**REQUIRED ACTION**
The whole listing should be retyped word for word, apart from the pictures it holds.

**DATA FOR ANALYSIS**
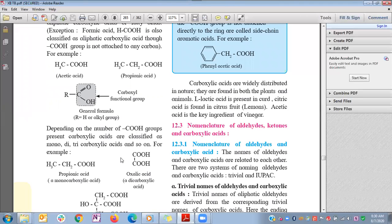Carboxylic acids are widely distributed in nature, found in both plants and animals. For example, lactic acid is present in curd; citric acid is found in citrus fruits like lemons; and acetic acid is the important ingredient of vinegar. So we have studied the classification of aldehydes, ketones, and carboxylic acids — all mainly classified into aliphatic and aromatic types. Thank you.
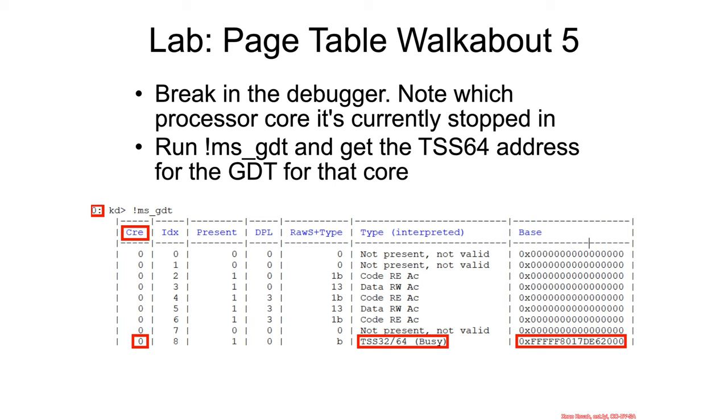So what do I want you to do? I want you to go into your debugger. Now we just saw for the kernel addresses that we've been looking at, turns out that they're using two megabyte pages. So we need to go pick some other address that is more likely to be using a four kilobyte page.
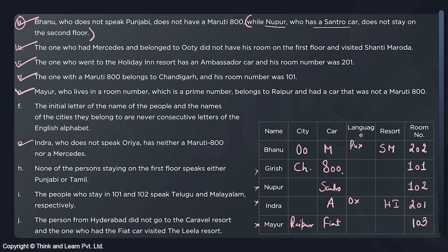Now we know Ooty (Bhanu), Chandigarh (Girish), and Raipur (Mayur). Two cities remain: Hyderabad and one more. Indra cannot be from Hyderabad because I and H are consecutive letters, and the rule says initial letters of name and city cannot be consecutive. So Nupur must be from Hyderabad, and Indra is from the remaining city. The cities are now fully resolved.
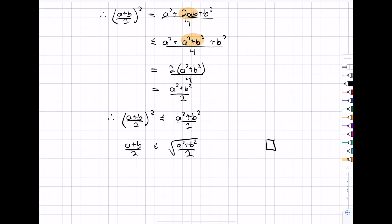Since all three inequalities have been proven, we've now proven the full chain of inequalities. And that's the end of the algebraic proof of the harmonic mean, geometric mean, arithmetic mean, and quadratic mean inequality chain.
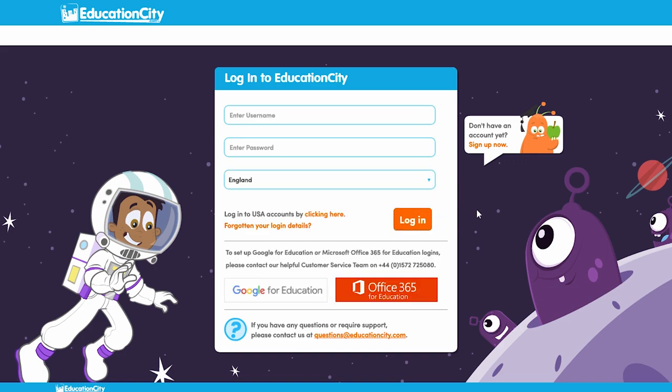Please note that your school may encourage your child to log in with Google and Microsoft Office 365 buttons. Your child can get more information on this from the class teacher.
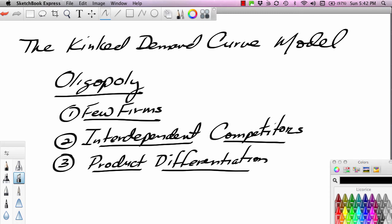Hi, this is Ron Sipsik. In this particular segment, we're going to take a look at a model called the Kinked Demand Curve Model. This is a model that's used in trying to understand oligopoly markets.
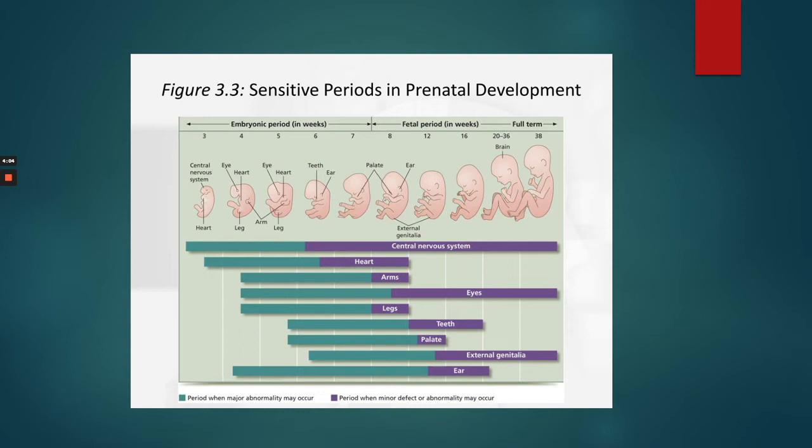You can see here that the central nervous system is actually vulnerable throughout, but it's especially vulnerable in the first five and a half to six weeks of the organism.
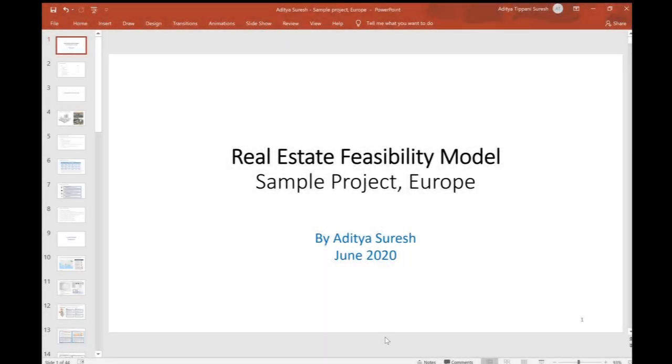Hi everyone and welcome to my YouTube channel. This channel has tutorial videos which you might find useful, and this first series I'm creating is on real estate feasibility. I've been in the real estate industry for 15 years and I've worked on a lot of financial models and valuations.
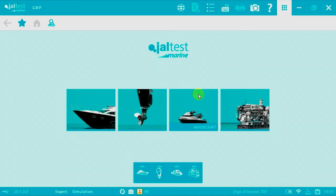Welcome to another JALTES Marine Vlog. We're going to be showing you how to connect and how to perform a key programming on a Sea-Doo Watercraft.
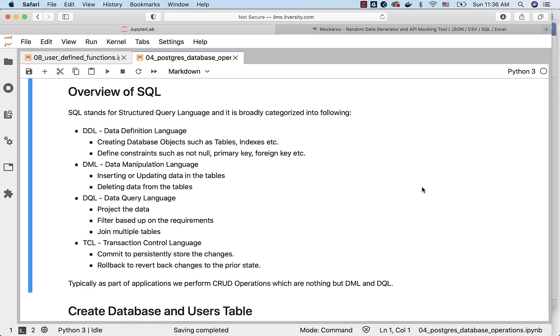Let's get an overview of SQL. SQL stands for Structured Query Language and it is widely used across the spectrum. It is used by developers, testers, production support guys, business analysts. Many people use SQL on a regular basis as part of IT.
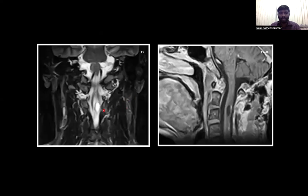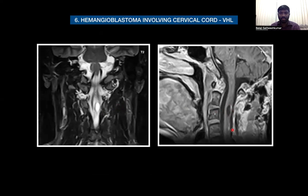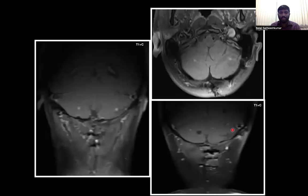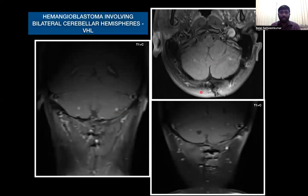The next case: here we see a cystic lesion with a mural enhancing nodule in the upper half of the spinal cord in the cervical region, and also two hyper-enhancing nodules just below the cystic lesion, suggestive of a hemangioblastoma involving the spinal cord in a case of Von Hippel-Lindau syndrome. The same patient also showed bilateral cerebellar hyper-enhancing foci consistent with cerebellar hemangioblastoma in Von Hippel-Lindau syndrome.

**WRITTEN RESPONSE**
Carboxylic acids are widely distributed in nature, found in both plants and animals. For example, lactic acid is present in curd; citric acid is found in citrus fruits like lemons; and acetic acid is the important ingredient of vinegar. So we have studied the classification of aldehydes, ketones, and carboxylic acids — all mainly classified into aliphatic and aromatic types. Thank you.
So what do I want you to do? I want you to go into your debugger. Now we just saw for the kernel addresses that we've been looking at, turns out that they're using two megabyte pages. So we need to go pick some other address that is more likely to be using a four kilobyte page.
Now we know Ooty (Bhanu), Chandigarh (Girish), and Raipur (Mayur). Two cities remain: Hyderabad and one more. Indra cannot be from Hyderabad because I and H are consecutive letters, and the rule says initial letters of name and city cannot be consecutive. So Nupur must be from Hyderabad, and Indra is from the remaining city. The cities are now fully resolved.
Since all three inequalities have been proven, we've now proven the full chain of inequalities. And that's the end of the algebraic proof of the harmonic mean, geometric mean, arithmetic mean, and quadratic mean inequality chain.
Please note that your school may encourage your child to log in with Google and Microsoft Office 365 buttons. Your child can get more information on this from the class teacher.
Hi, this is Ron Sipsik. In this particular segment, we're going to take a look at a model called the Kinked Demand Curve Model. This is a model that's used in trying to understand oligopoly markets.
You can see here that the central nervous system is actually vulnerable throughout, but it's especially vulnerable in the first five and a half to six weeks of the organism.
Hi everyone and welcome to my YouTube channel. This channel has tutorial videos which you might find useful, and this first series I'm creating is on real estate feasibility. I've been in the real estate industry for 15 years and I've worked on a lot of financial models and valuations.
Welcome to another JALTES Marine Vlog. We're going to be showing you how to connect and how to perform a key programming on a Sea-Doo Watercraft.
Let's get an overview of SQL. SQL stands for Structured Query Language and it is widely used across the spectrum. It is used by developers, testers, production support guys, business analysts. Many people use SQL on a regular basis as part of IT.
The next case: here we see a cystic lesion with a mural enhancing nodule in the upper half of the spinal cord in the cervical region, and also two hyper-enhancing nodules just below the cystic lesion, suggestive of a hemangioblastoma involving the spinal cord in a case of Von Hippel-Lindau syndrome. The same patient also showed bilateral cerebellar hyper-enhancing foci consistent with cerebellar hemangioblastoma in Von Hippel-Lindau syndrome.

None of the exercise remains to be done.